**What to do:** Please, without any pictures, set down exactly the part of the listing below that opens with the line containing "Чехол для телефона" and closes with the line containing "Rip Pants Dusty".

**Data in this exercise:**
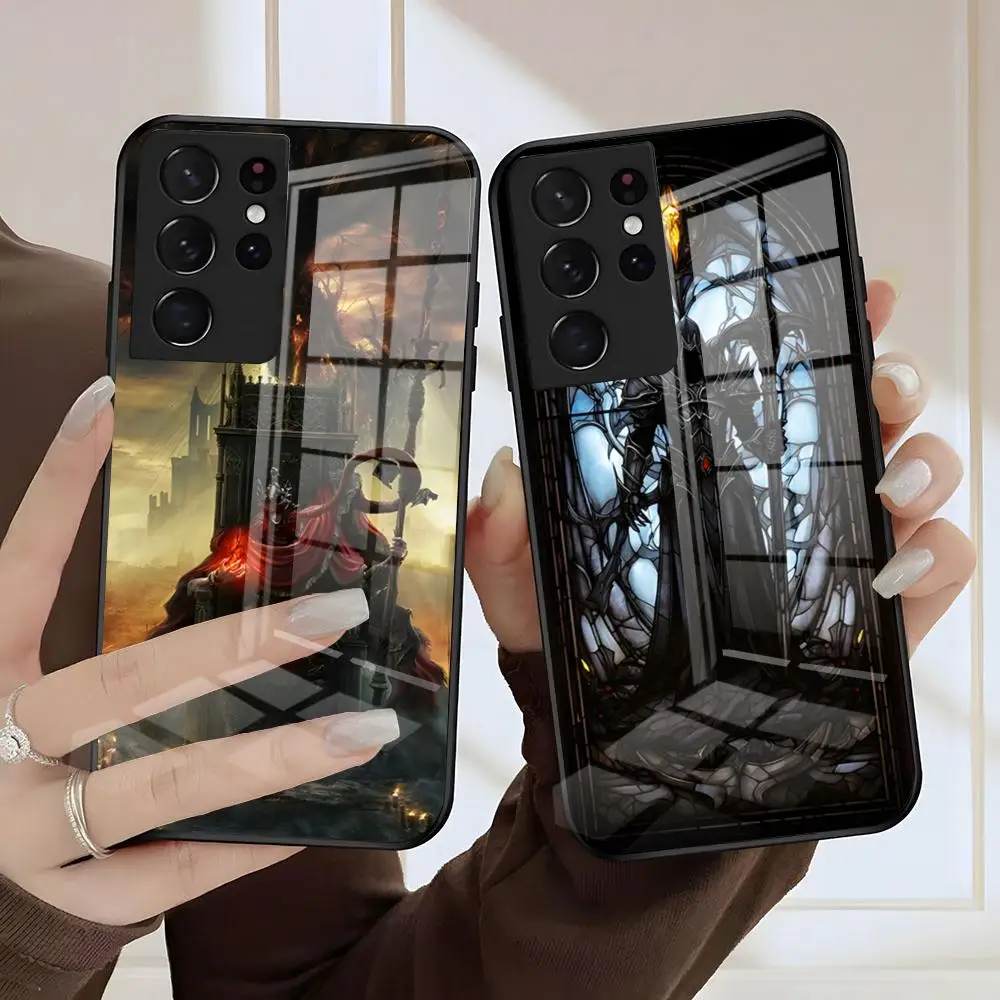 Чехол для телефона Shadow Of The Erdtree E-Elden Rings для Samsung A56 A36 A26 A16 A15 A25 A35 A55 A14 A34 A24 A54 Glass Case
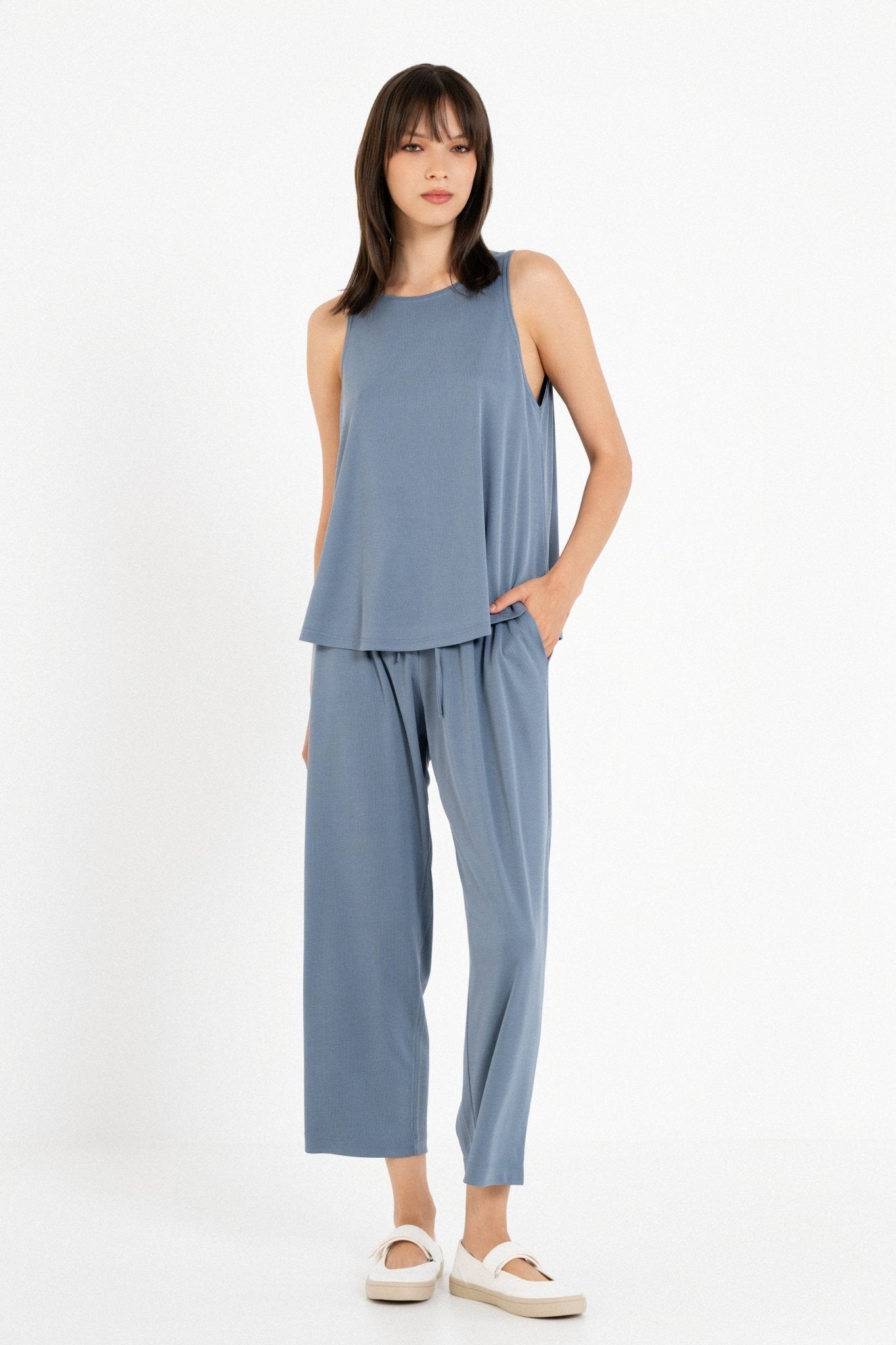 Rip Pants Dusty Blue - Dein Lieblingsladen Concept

==

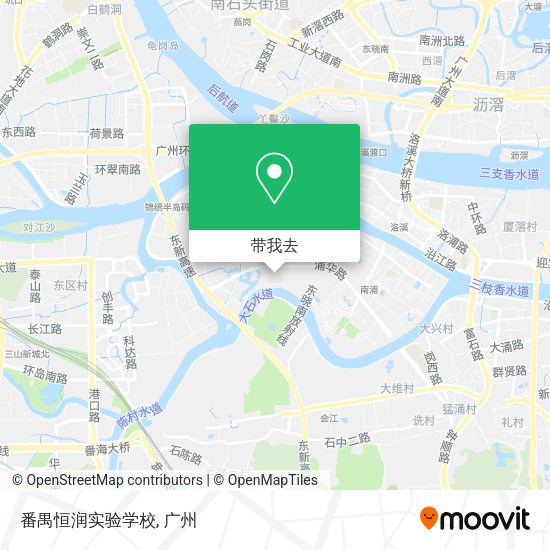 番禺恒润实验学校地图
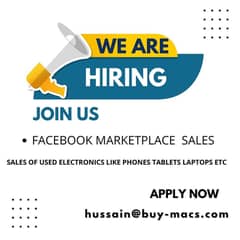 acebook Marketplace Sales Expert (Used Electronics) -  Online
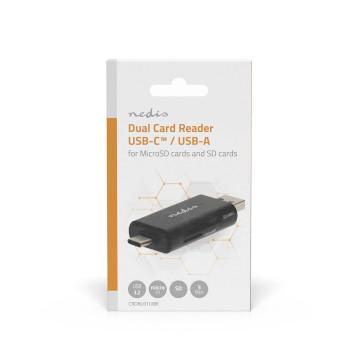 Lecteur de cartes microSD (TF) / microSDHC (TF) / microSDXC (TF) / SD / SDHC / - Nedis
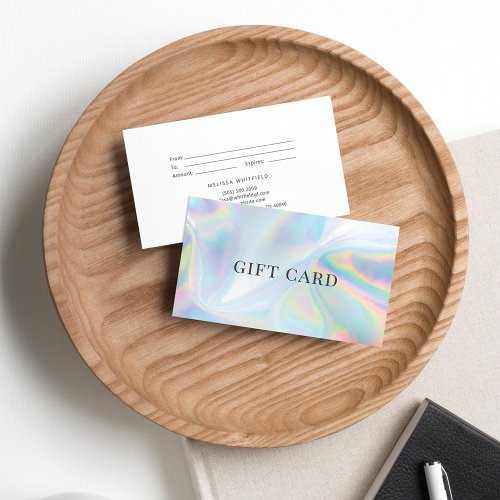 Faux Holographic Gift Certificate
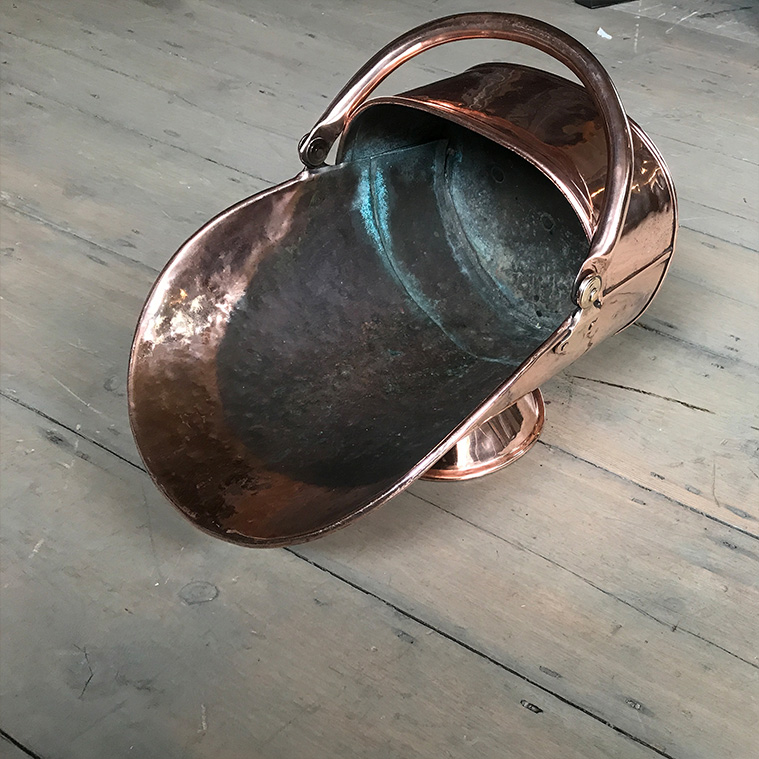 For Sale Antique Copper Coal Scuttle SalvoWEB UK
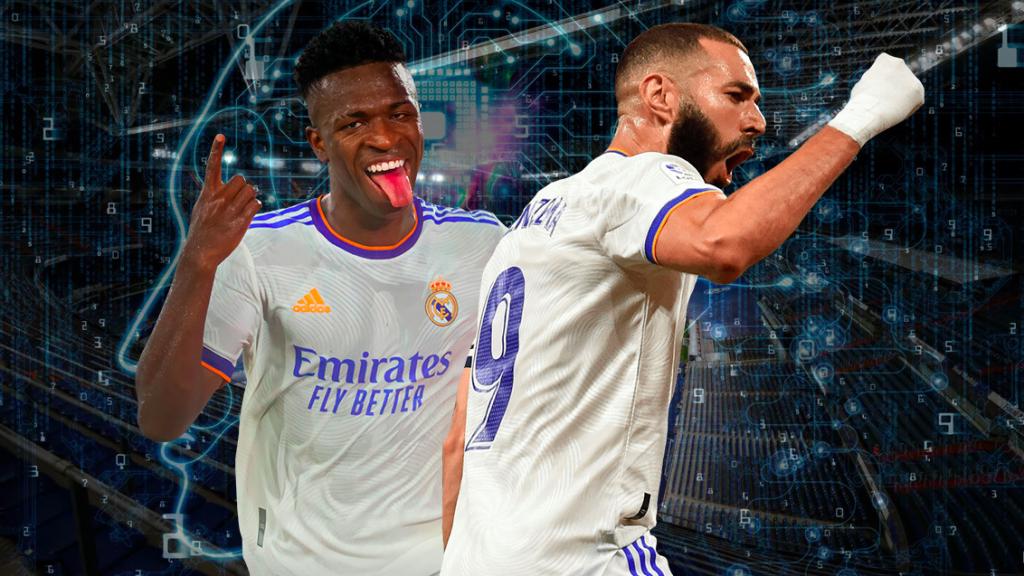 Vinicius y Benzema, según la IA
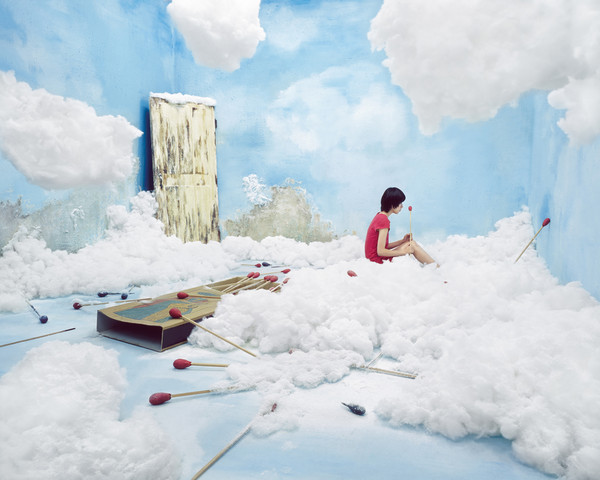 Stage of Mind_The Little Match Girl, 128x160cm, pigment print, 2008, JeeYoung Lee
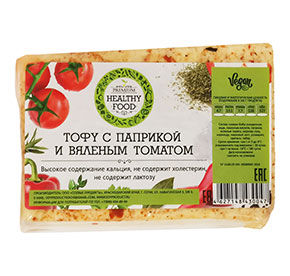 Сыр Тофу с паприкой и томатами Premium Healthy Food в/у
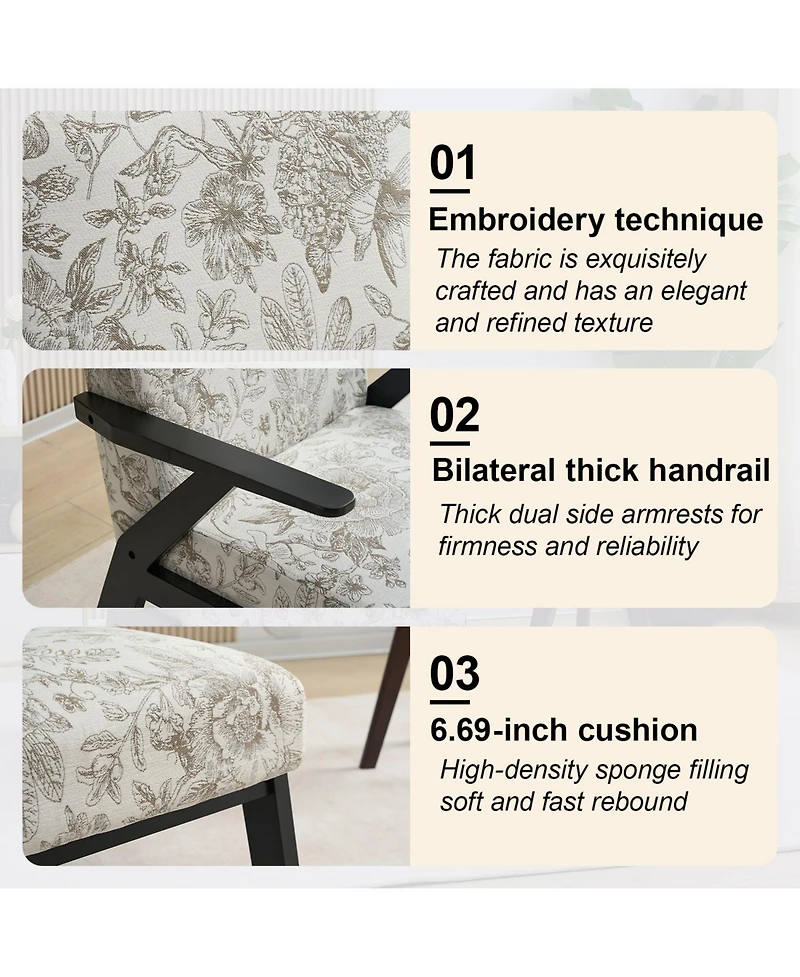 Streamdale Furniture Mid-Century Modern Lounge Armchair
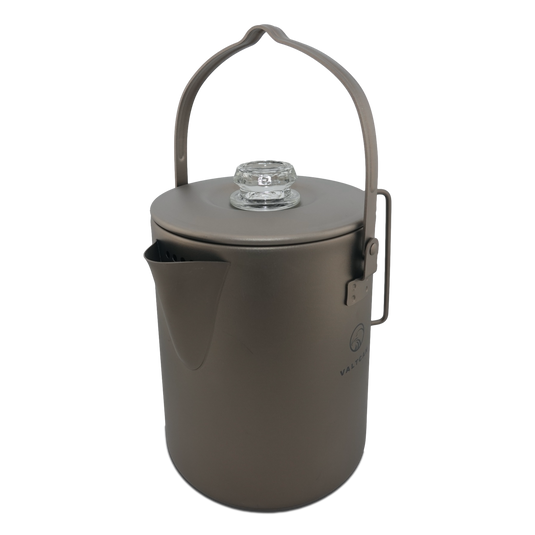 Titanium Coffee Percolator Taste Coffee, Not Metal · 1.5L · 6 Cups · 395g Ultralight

**Response below:**
 Чехол для телефона Shadow Of The Erdtree E-Elden Rings для Samsung A56 A36 A26 A16 A15 A25 A35 A55 A14 A34 A24 A54 Glass Case
 Rip Pants Dusty Blue - Dein Lieblingsladen Concept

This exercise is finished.